WORK REQUEST = Transcribe every entry that follows exactly, omitting all pictures.

DATASET RECORDS =
_____

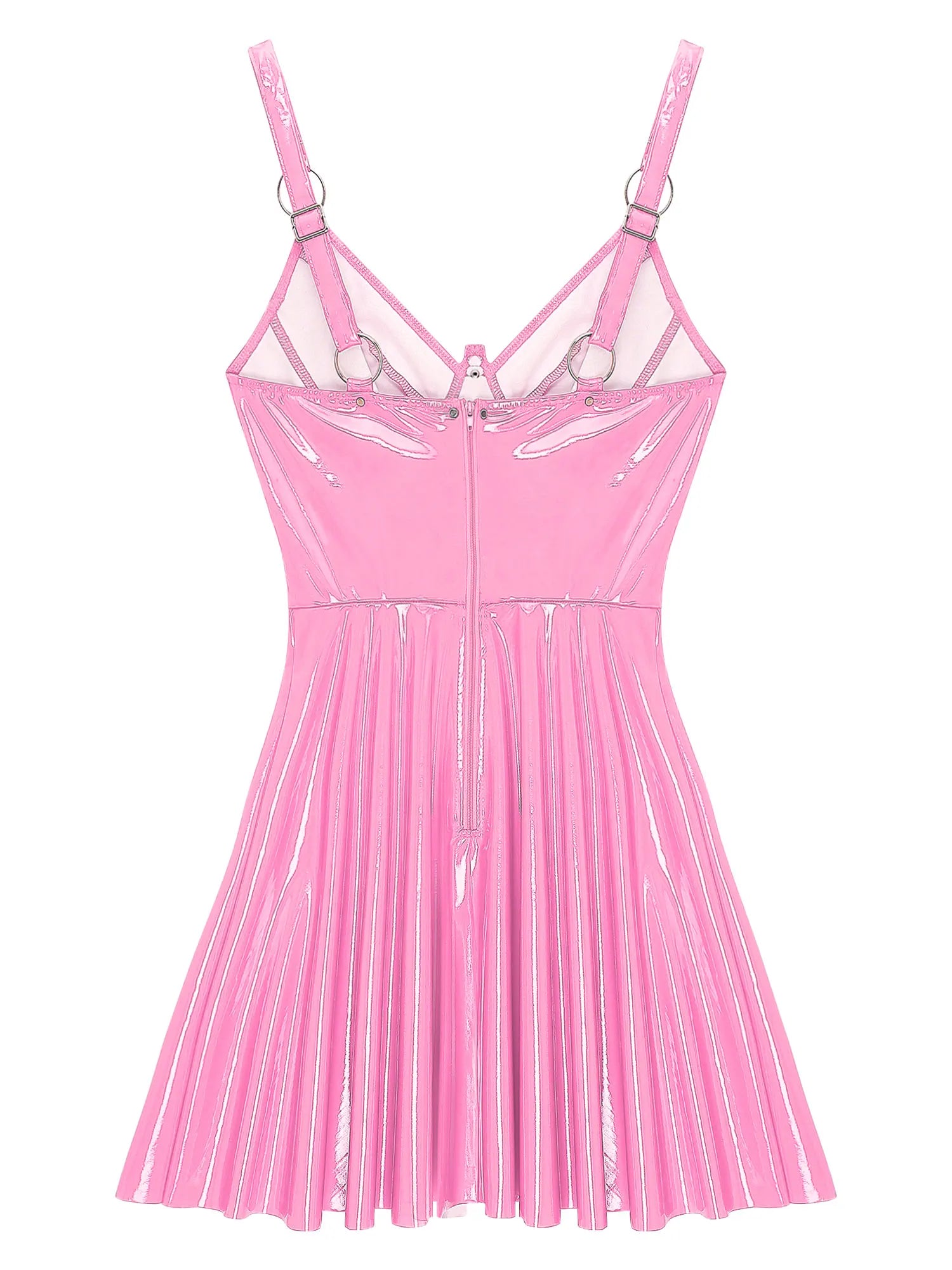 Womens Sexy Wet Look Patent Leather Slip Dress O-Ring Rivets Strappy V Neck Gothic Punk A-Line Mini Dresses Rave Party Clubwear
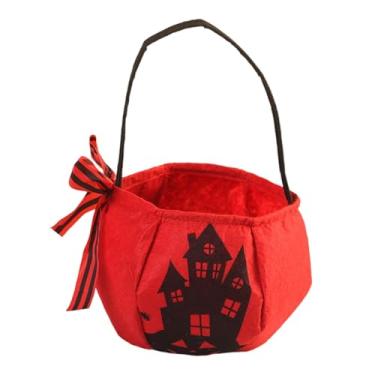 Imagem de Fenteer Sacola de doces para doces de Halloween, embalagem para presentes, bolsa de transporte, sacola de compras reutilizável para decoração de Halloween, Casa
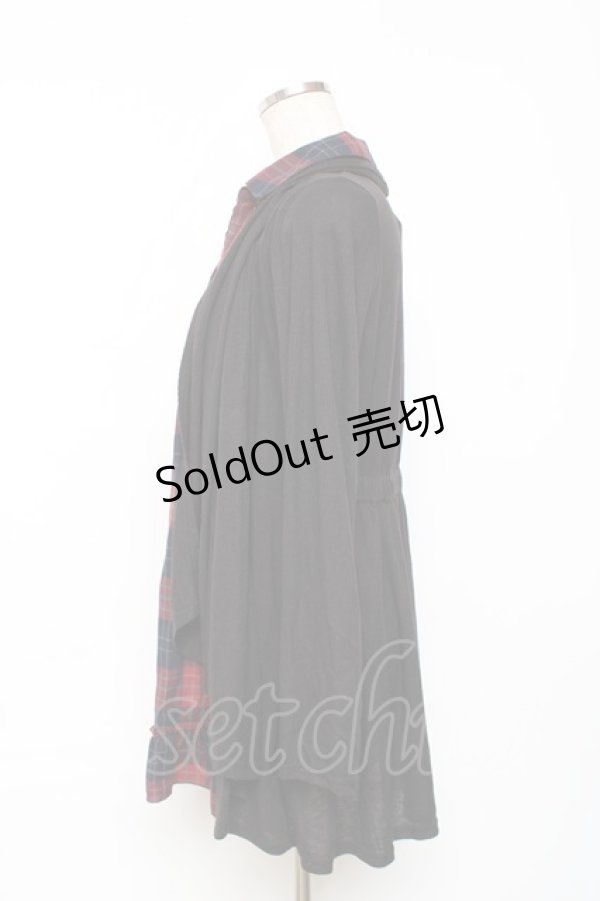 画像2: axes femme / レイヤードチュニック M 黒×赤 Y-25-12-10-039-AX-TO-SZ-ZS (2)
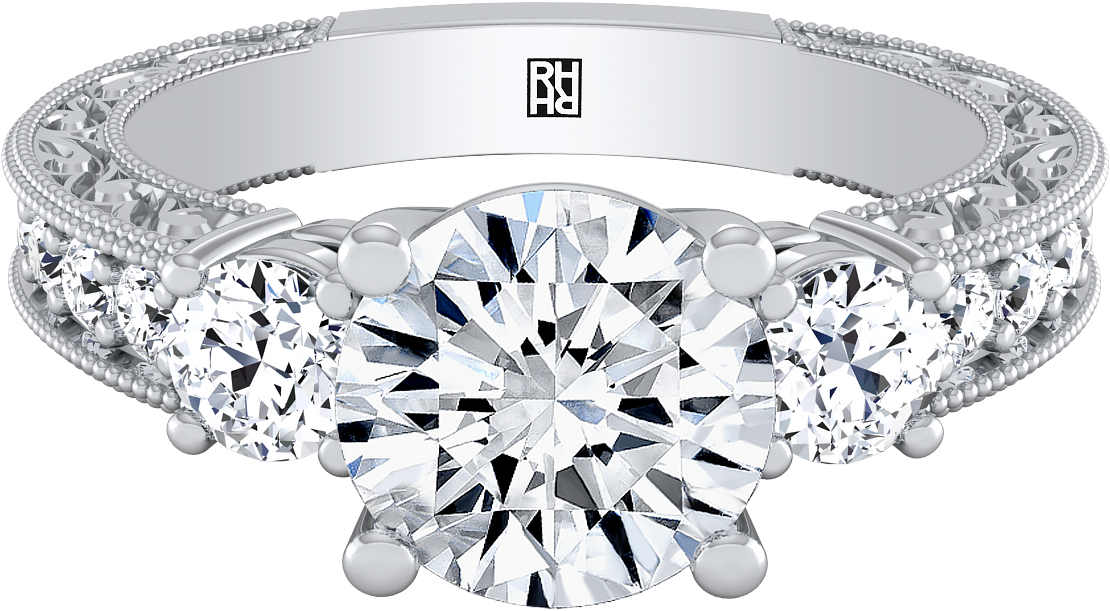 Diamond 3-stone Engagement Ring With Scroll Work Gallery - Engagement Ring (1400x1400), Png Download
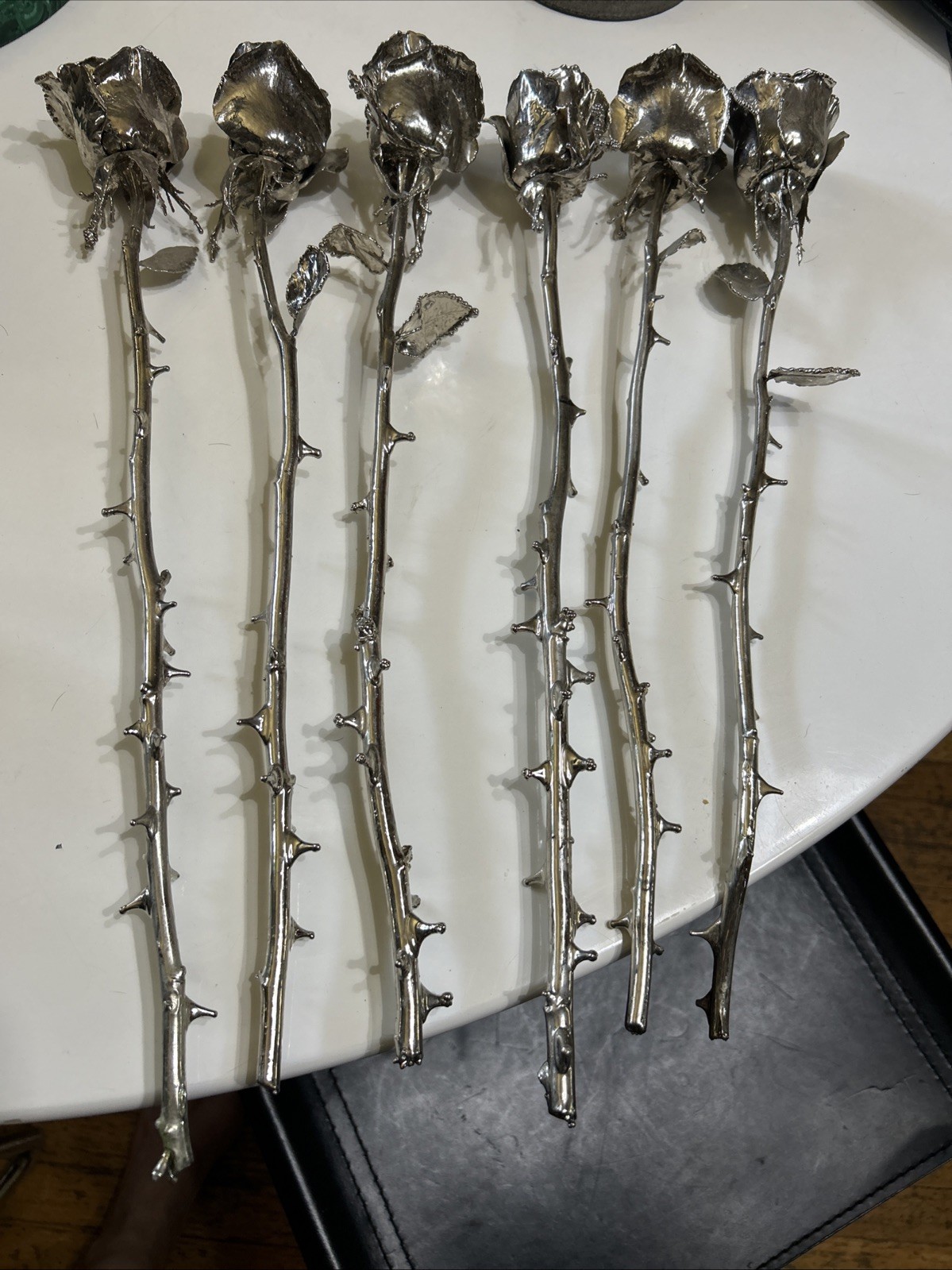 Set of six 6 Real Rose Dipped In Silver 18 inches long Triple dipped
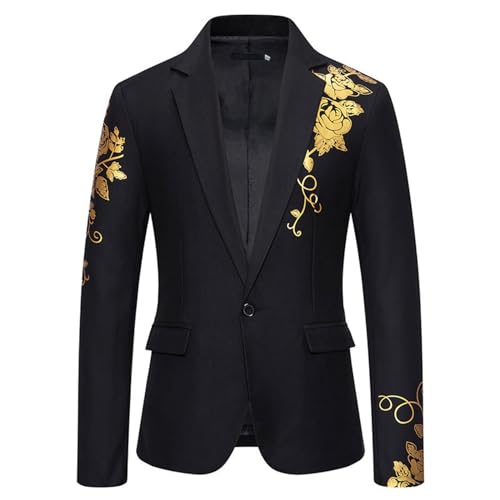 Mens Floral Blazer Stylish Notched Lapel Suit Jacket 1 Button Slim Fit Printed Tuxedo for Party Dinner Wedding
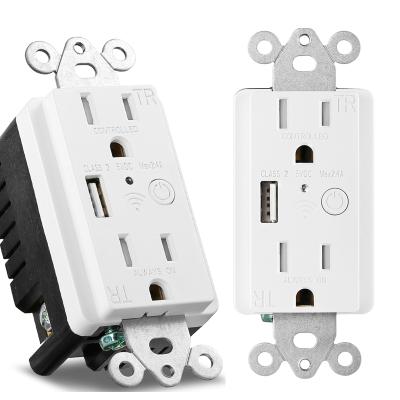 China 110V-250V USA Residential/General Purpose Standard Smart Wall Outlet with Tuya Smart APP for sale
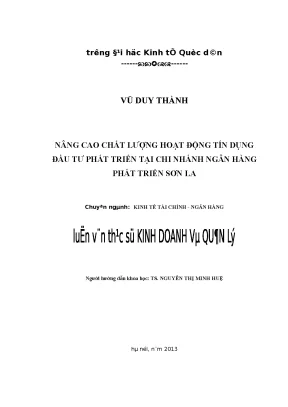 Nâng Cao Chất Lượng Tín Dụng Đầu Tư Phát Triển Tại Ngân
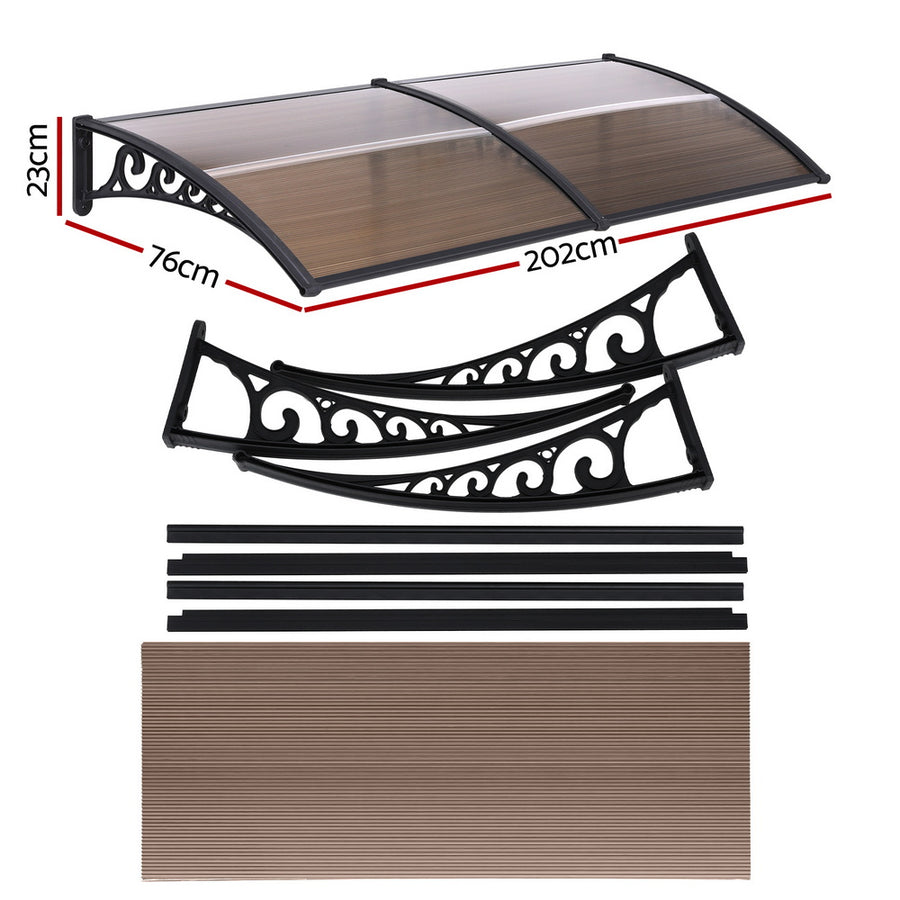 Instahut Window Door Awning 0.8mx2m Brown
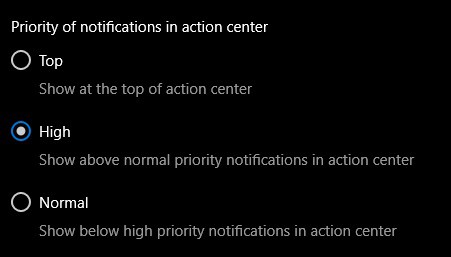 Centro de actividades de Windows 10, prioridad de notificaciones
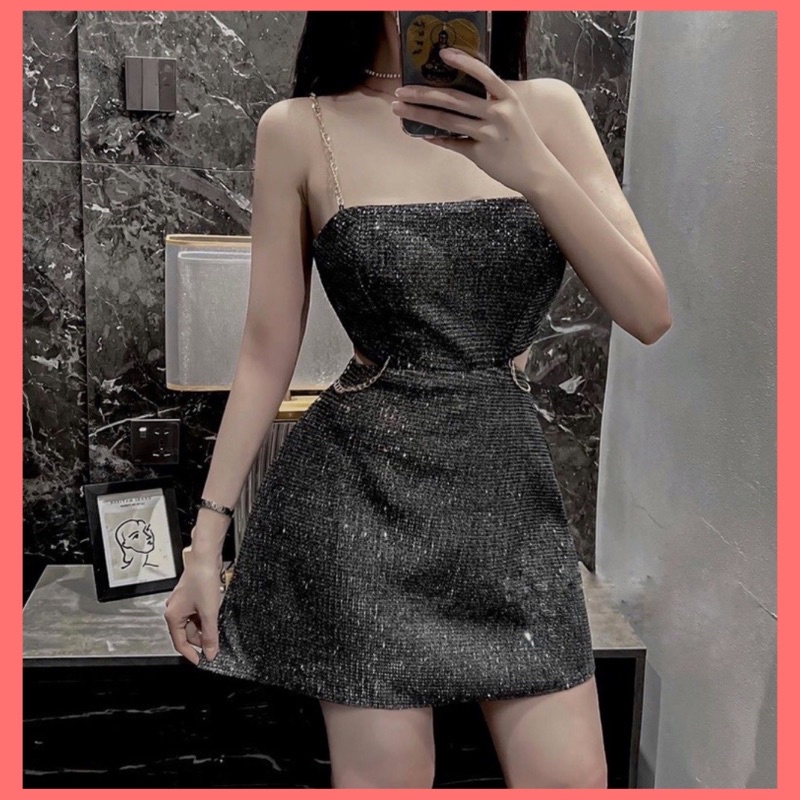 Váy hai dây xích cup ngực nhũ Bling🌟 Đầm cut eo sexy dáng ngắn đi tiệc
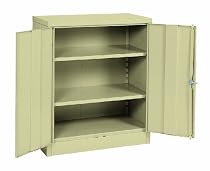 Sandusky Lee RTA7001-07 Putty Steel SnapIt Counter Height Cabinet, 2 Adjustable Shelves, 42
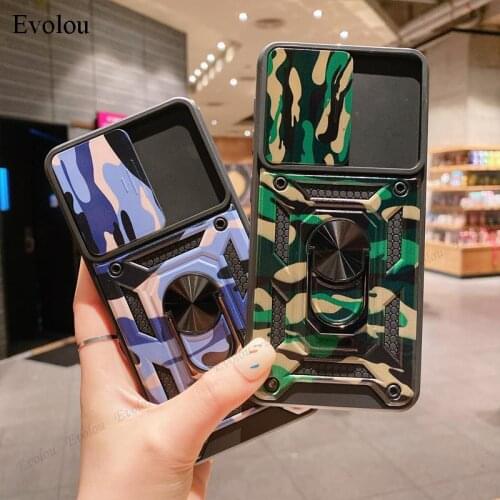 Armor Shockproof Camouflage Phone Case For Samsung S21 Plus Note 20 Ultra A52 A72 Slide Camera Magnetic Stand Holder Back Cover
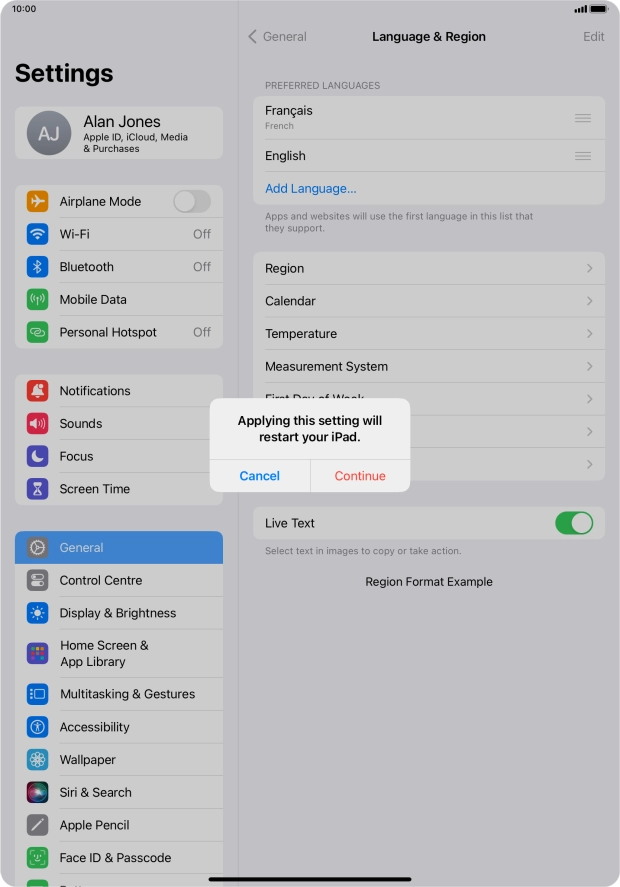 Press Continue. Press Continue.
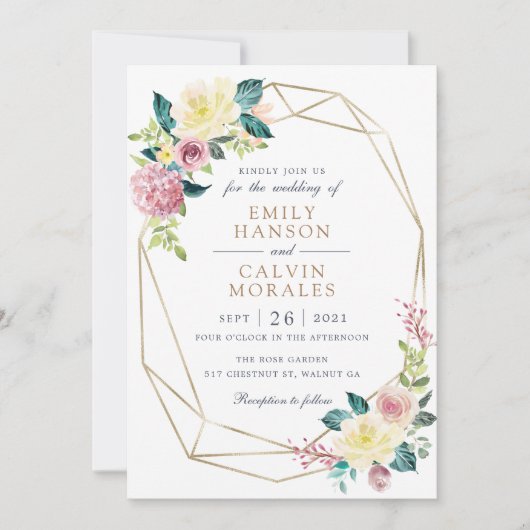 幾何学的フローラ赤面黄色の緑の金ゴールドフレーム 招待状 (正面)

_____

SOLUTION TO THIS TASK =
 Womens Sexy Wet Look Patent Leather Slip Dress O-Ring Rivets Strappy V Neck Gothic Punk A-Line Mini Dresses Rave Party Clubwear
 Imagem de Fenteer Sacola de doces para doces de Halloween, embalagem para presentes, bolsa de transporte, sacola de compras reutilizável para decoração de Halloween, Casa
 画像2: axes femme / レイヤードチュニック M 黒×赤 Y-25-12-10-039-AX-TO-SZ-ZS (2)
 Diamond 3-stone Engagement Ring With Scroll Work Gallery - Engagement Ring (1400x1400), Png Download
 Set of six 6 Real Rose Dipped In Silver 18 inches long Triple dipped
 Mens Floral Blazer Stylish Notched Lapel Suit Jacket 1 Button Slim Fit Printed Tuxedo for Party Dinner Wedding
 China 110V-250V USA Residential/General Purpose Standard Smart Wall Outlet with Tuya Smart APP for sale
 Nâng Cao Chất Lượng Tín Dụng Đầu Tư Phát Triển Tại Ngân
 Instahut Window Door Awning 0.8mx2m Brown
 Centro de actividades de Windows 10, prioridad de notificaciones
 Váy hai dây xích cup ngực nhũ Bling🌟 Đầm cut eo sexy dáng ngắn đi tiệc
 Sandusky Lee RTA7001-07 Putty Steel SnapIt Counter Height Cabinet, 2 Adjustable Shelves, 42
 Armor Shockproof Camouflage Phone Case For Samsung S21 Plus Note 20 Ultra A52 A72 Slide Camera Magnetic Stand Holder Back Cover
 Press Continue. Press Continue.
 幾何学的フローラ赤面黄色の緑の金ゴールドフレーム 招待状 (正面)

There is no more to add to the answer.